Whether a duty of care exists is a matter of law for the judge to decide (as opposed to the jury). The “judge must make any findings of fact necessary to decide that question.”22 The judge will then direct the jury as to the existence of the duty of care. It will then be up to the jury to decide if there was a breach of the duty of care and if so how serious that breach was and “how much of a risk of death it posed.”23

Causation

The offense of corporate manslaughter requires that the way an organization managed or organized its activities caused the death. The “way” does not have to be unlawful and includes decisions and actions as well as omissions of management.
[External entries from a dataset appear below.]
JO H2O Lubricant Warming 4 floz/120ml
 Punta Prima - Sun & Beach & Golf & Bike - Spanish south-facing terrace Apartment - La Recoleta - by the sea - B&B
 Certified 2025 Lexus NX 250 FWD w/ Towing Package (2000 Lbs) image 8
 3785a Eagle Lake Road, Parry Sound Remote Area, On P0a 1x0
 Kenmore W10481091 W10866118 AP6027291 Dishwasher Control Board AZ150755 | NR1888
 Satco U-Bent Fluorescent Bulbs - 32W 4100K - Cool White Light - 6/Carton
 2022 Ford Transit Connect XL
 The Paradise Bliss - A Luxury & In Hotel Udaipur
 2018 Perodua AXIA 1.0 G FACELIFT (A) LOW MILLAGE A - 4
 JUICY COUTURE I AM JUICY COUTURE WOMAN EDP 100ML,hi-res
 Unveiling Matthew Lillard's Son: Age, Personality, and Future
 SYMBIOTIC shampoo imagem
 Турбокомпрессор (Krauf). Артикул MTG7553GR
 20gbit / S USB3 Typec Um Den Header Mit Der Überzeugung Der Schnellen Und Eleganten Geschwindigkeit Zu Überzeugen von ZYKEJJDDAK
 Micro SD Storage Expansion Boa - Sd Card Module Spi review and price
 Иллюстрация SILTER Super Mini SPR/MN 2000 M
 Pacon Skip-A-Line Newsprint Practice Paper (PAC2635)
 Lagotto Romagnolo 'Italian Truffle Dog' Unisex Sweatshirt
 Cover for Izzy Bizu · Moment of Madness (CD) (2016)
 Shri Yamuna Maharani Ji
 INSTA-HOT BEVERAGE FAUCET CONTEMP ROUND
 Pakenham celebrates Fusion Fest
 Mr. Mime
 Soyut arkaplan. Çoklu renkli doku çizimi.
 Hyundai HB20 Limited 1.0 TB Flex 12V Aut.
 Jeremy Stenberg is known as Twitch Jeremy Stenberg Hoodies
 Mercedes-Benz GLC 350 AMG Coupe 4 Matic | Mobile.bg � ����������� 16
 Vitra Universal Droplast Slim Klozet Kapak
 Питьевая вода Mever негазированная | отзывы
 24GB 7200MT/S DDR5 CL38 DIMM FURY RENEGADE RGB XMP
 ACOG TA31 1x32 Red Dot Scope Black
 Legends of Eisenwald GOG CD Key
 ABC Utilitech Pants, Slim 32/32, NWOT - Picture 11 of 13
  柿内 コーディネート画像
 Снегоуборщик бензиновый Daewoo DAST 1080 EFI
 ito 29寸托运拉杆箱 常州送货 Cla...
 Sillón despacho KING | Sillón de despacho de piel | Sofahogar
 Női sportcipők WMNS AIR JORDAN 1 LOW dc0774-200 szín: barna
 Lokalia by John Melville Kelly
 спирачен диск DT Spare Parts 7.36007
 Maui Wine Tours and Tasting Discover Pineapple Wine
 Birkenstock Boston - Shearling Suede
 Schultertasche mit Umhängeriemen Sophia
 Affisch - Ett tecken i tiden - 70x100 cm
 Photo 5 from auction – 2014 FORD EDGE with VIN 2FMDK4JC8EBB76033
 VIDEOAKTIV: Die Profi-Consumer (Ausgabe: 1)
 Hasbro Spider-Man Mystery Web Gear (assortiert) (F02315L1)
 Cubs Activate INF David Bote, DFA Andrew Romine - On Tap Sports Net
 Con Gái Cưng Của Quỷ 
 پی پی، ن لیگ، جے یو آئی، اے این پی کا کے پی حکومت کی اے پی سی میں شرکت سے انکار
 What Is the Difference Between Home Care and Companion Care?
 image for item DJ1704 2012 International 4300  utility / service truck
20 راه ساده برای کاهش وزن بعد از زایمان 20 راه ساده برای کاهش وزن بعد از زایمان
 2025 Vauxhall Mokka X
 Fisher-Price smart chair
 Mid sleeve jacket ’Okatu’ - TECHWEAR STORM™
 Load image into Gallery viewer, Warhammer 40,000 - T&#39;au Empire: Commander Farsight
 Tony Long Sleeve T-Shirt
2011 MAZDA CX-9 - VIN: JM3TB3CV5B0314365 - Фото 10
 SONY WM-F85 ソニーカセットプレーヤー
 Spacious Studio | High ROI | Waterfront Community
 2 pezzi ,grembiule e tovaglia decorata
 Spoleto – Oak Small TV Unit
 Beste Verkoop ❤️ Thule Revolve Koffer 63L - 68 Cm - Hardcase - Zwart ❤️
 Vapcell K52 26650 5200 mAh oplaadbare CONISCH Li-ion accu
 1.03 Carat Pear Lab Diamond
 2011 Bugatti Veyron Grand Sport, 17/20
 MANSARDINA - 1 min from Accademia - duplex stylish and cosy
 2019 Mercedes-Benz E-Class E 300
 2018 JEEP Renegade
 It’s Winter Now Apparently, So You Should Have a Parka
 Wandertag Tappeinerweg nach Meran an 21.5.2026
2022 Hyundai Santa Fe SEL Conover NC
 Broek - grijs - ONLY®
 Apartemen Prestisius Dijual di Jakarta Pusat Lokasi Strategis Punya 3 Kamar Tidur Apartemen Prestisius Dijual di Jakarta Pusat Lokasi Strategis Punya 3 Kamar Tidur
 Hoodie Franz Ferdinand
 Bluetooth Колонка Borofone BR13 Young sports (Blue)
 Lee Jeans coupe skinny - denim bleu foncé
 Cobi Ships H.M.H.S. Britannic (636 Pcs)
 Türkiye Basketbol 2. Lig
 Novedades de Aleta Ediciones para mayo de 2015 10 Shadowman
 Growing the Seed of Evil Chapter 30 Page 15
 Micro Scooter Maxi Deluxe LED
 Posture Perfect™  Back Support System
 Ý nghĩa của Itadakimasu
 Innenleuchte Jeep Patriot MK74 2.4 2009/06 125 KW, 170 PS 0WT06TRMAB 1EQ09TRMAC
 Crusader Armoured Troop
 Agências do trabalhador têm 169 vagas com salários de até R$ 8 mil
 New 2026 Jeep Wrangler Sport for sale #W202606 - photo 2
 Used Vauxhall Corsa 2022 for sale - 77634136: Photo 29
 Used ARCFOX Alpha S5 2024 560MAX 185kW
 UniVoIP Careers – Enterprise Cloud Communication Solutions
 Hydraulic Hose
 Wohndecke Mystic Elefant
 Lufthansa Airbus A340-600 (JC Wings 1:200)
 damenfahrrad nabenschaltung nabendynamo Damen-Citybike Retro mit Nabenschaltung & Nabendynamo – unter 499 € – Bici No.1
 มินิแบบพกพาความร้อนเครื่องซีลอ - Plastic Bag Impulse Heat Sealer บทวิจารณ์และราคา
The management failure need not have been the sole cause of death provided it is “a” cause of death, and the “cause of death” was as a result of a gross breach of a relevant duty of care.

What Is a Gross Breach?

CMCHA states that a breach of a duty of care is a “gross breach” if the conduct in question “falls far below what can reasonably be expected of the organization in the circumstances.”24 This reflects the threshold for the common law offense of gross negligence manslaughter.25 Whether the breach is “gross” is a question for the jury who must consider whether the organization failed to comply with relevant health and safety legislation and if so, how serious the noncompliance was and how much of a risk of death it posed.26 In addition, the jury may consider further factors such as the health and safety guidance and how far they were followed, the organization’s safety culture and their attitudes, policies, systems, and accepted practices.

Who Is Senior Management?

For a conviction of corporate manslaughter under CMCHA, there is no need to show a “controlling” or “directing” mind at the top of the company was also personally guilty of manslaughter; however, an analysis of an organization’s decision-making processes which led to the death is an important part of the picture. The prosecution must show that the way in which senior management organized or managed the organization’s activities was a substantial element in the breach27 and therefore may aggregate the management failure.28 The Act defines senior management as persons who play “significant roles” in making decisions about, or in actually managing or organizing, the “whole or a substantial part” of the organization’s activities.29 This clearly includes those in central strategic or operational management roles, or with central responsibility for regulatory compliance, but exactly who else is included will depend upon the nature and scale of the organization’s activities. It may include regional managers of national organizations and managers of different operational divisions.30 The prosecution does not have to prove that the individual senior managers were in breach of duty but only that collectively senior management played a substantial part of the organizations breach.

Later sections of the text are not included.